A mesa “Uma abordagem mais inclusiva para a transformação de paisagens e pessoas: exemplos de projetos”, composta apenas por mulheres que atuam com restauração florestal, foi organizada pelo GT Diversidade, grupo vinculado ao Pacto pela Restauração da Mata Atlântica, e criado com o objetivo de promover a equidade nas ações em restauração, de forma qualificada e engajada.

Além de provocar debates como os do congresso, o GT mantém o blog “Mulheres de ImPacto” e publicou cinco cartilhas da série “Semeando Equidade”, sobre gênero e restauração de paisagens. Ludmila Pugliese, secretária executiva do Pacto e coordenadora do GT, disse que a ideia da mesa foi evidenciar a importância da dimensão humana nos projetos de restauração, pois “sem o envolvimento das pessoas é impossível restaurar e fazer essa conexão com a natureza”.

Uma das palestrantes foi Maria Tereza Vieira, do Quilombo Nhunguara, no Vale do Ribeira (SP), coletora de sementes e viveirista em sua comunidade. A produção de mudas, conta ela, já vem de quase vinte anos, mas no ano passado começaram a dialogar sobre as sementes florestais e seu potencial para geração de renda, com apoio do ISA. Em 2017, Maria Tereza participou do encontro que celebrou os 10 anos da Rede de Sementes do Xingu, no Mato Grosso, e voltou para o Vale do Ribeira animada com o que viu.

“De lá trouxemos conhecimento e confiança de que dá certo trabalhar com sementes, levando-as para lugares mais distantes, onde é necessário recuperar a vegetação”, afirmou.

Maria Tereza reforçou a importância do território para os quilombolas, e como seu modo de vida tradicional contribui para que a floresta se mantenha em pé. Exemplo disso são as roças de coivara, praticadas há séculos pelos quilombolas, que estão ameaçadas por conta da legislação em vigor, e são exaltadas na campanha “Tá na Hora da Roça".

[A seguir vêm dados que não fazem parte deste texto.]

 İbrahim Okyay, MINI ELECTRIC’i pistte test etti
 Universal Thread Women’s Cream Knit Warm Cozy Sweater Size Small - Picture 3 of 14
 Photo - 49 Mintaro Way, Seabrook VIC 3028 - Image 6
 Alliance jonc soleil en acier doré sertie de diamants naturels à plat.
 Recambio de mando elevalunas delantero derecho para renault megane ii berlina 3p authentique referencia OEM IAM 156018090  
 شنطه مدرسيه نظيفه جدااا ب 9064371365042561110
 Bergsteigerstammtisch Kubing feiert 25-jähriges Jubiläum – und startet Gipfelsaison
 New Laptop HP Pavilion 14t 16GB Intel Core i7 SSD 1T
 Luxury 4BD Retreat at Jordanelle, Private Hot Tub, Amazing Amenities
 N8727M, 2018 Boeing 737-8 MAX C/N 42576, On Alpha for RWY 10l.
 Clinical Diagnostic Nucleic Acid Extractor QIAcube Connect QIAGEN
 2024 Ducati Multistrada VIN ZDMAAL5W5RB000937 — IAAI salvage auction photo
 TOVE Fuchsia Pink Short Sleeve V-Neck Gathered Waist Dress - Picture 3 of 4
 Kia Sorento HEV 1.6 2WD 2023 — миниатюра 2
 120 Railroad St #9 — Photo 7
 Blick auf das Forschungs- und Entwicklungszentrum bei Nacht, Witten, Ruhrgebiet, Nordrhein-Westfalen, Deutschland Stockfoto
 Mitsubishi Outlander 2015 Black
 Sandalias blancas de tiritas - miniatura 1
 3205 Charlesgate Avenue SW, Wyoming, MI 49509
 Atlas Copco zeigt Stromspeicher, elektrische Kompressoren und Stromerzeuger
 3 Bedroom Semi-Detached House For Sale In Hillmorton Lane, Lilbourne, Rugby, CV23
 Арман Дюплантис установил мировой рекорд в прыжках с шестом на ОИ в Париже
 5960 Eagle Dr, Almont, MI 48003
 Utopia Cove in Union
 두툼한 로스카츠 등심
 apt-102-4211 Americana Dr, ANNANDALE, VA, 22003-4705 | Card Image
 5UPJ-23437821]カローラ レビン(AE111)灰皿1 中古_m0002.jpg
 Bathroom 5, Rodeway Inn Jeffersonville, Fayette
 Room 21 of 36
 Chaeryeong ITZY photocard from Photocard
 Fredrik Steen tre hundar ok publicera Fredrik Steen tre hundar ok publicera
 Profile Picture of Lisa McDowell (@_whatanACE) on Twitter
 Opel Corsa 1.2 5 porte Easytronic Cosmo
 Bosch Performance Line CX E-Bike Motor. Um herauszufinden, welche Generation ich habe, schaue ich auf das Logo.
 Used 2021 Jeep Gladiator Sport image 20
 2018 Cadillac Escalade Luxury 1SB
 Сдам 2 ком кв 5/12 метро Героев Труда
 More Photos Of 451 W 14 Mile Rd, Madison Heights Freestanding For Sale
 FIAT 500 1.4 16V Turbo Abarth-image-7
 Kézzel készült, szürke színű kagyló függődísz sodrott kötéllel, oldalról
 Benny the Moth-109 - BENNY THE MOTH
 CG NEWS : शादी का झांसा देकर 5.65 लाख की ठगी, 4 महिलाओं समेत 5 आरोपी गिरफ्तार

É justamente esse conhecimento sobre o manejo florestal que tem embasado as discussões para a formação de uma Rede de Sementes no Vale do Ribeira, que já reúne 20 coletores de três comunidades quilombolas, e que tem comercializado sementes de 40 espécies florestais.

Andréa de Oliveira, do Instituto ÇaraKura, de Santa Catarina, reforçou a necessidade das iniciativas em restauração contemplarem a educação florestal, o gênero e a generosidade. “Não podemos esquecer o valor ecológico desses processos e a importância da escala afetiva”, disse ela, fazendo referência à discussão sobre tamanho e quantidade de áreas restauradas, dominante na agenda florestal.

Maria Tereza diz que a discussão de gênero e diversidade é importante, citando a experiência em sua própria comunidade, e diz que as autoridades e a sociedade precisam ter bom senso e entender a importância das florestas para a sobrevivência do ser humano. “Para nós, essa experiência com sementes tem sido importante, até para manter os jovens no território, com uma fonte de renda. Estamos felizes”, finaliza.

Outra inovação foi a “Sala Bem Receber”, um espaço mantido pela Kawa Estratégias Sustentáveis, com poltronas, brinquedos, área para amamentação e outros elementos, que acolheu as mães e pais que levaram seus filhos ao congresso. “Como promover a inclusão nos projetos se não o fizermos nos eventos que promovemos?”, questiona Ludmila, que também é sócia da empresa.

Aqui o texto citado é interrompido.